Cooked greens, though, usually refers to collards, mustards and turnips. On New Year’s Day, millions of Southerners will celebrate the new year with a traditional meal that includes one of these three greens, along with black-eyed peas that are meant to bring you good luck throughout the year. Greens, appropriately, are meant to ensure financial success.
Some folks still enjoy the “pot liquor,” that dark-green liquid in the bottom of the pot that old folks said was “good for whatever ails ya.” Whether it improves your prospects for the next 365 days is doubtful, but it will help keep you “regular” for a few days.
Greens are not seasoned the same way. The best collard recipes I’ve found include chunks of smoked ham or pork shoulder or a couple of ham hocks. These are washed thoroughly and then boiled for up to an hour before adding the collards, which themselves must be thoroughly washed. It’s also a good idea to remove the larger stems.
While the ham hocks are cooking, add salt and pepper and either a teaspoon of red pepper flakes or a tablespoon of hot sauce. Some folks also add a tablespoon of sugar.
Add the greens to the pot and more water, or a can or two of chicken broth as needed, and then allow the greens to cook for about an hour.

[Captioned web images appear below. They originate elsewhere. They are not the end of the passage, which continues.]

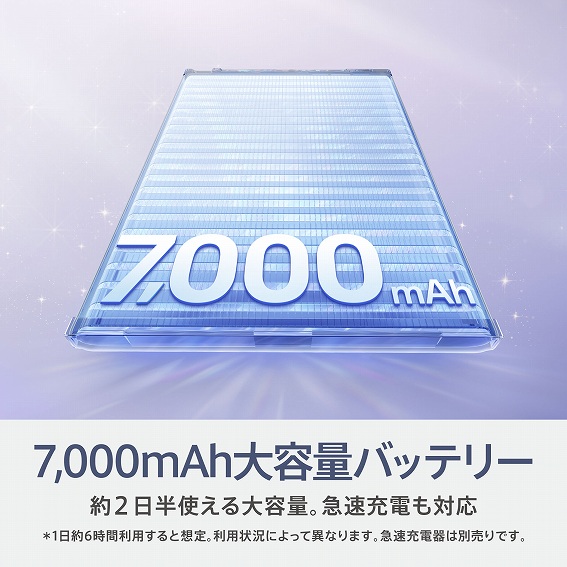 7,000mAh����e�ʃo�b�e���[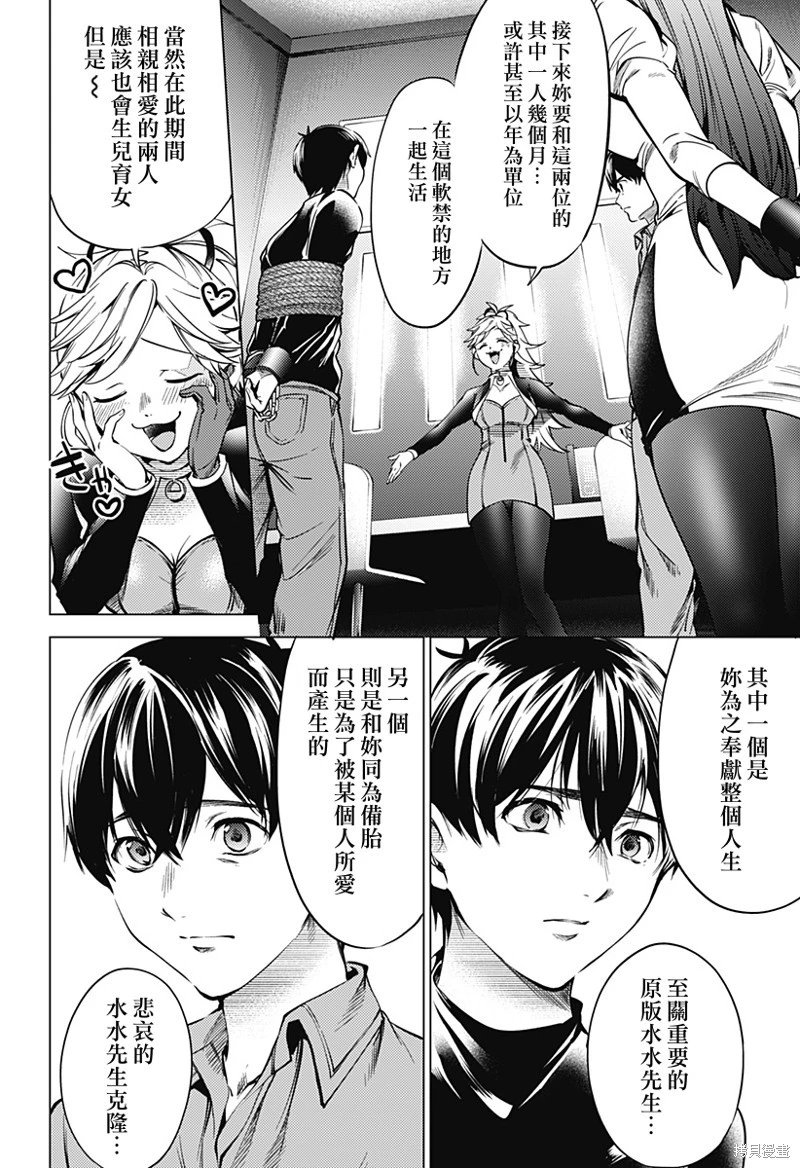 第41话
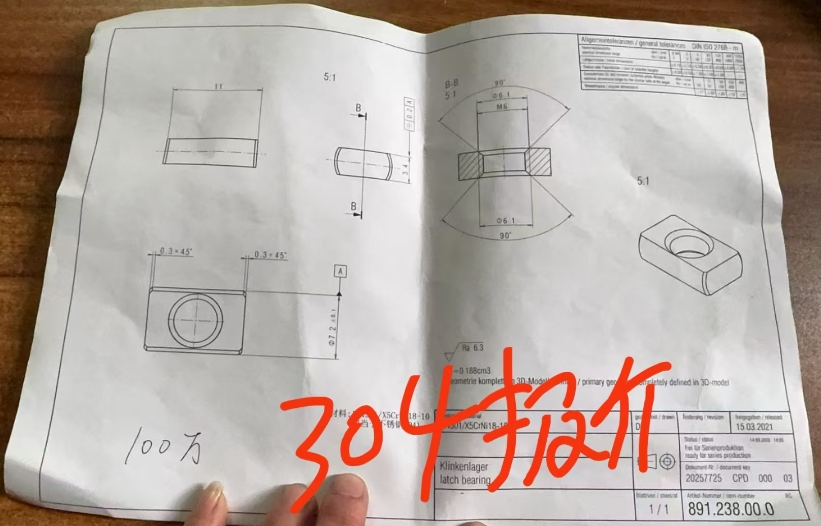 找能做如图轴承件的加工厂，如图，需求量100万件，材质是不锈钢304的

My mama always cooks her mustards with turnip greens, usually a pound of each. This mixture goes back to her growing up in South Georgia during the Great Depression. My grandmama was widowed after my mama — the youngest of 11 children — was born. Being a widow, my grandmama was allowed to glean leftover vegetables from farmers’ fields. To get enough greens to serve 11 kids, she took what she could get, which led to my mother, and now me, mixing mustards and turnips.
This mixture of mustards and turnips is seasoned with pork neck bones.
Because they’re not cooked, you boil them for over an hour in a large pot, adding only salt and pepper. When the meat starts falling off the bone, strain out and remove the bones, then add the washed greens to the pot and cook for 45-60 minutes.
You don’t have to travel to Paula Deen’s in Savannah for a good “mess ‘o greens.” We have Izola’s Country Cafe, Southern BBQ and Ida Mae’s BBQ in the Hinesville area.
A little further south on U.S. 84, Sybil’s Family Restaurant in Jesup has some of the best greens you can find six days out of seven.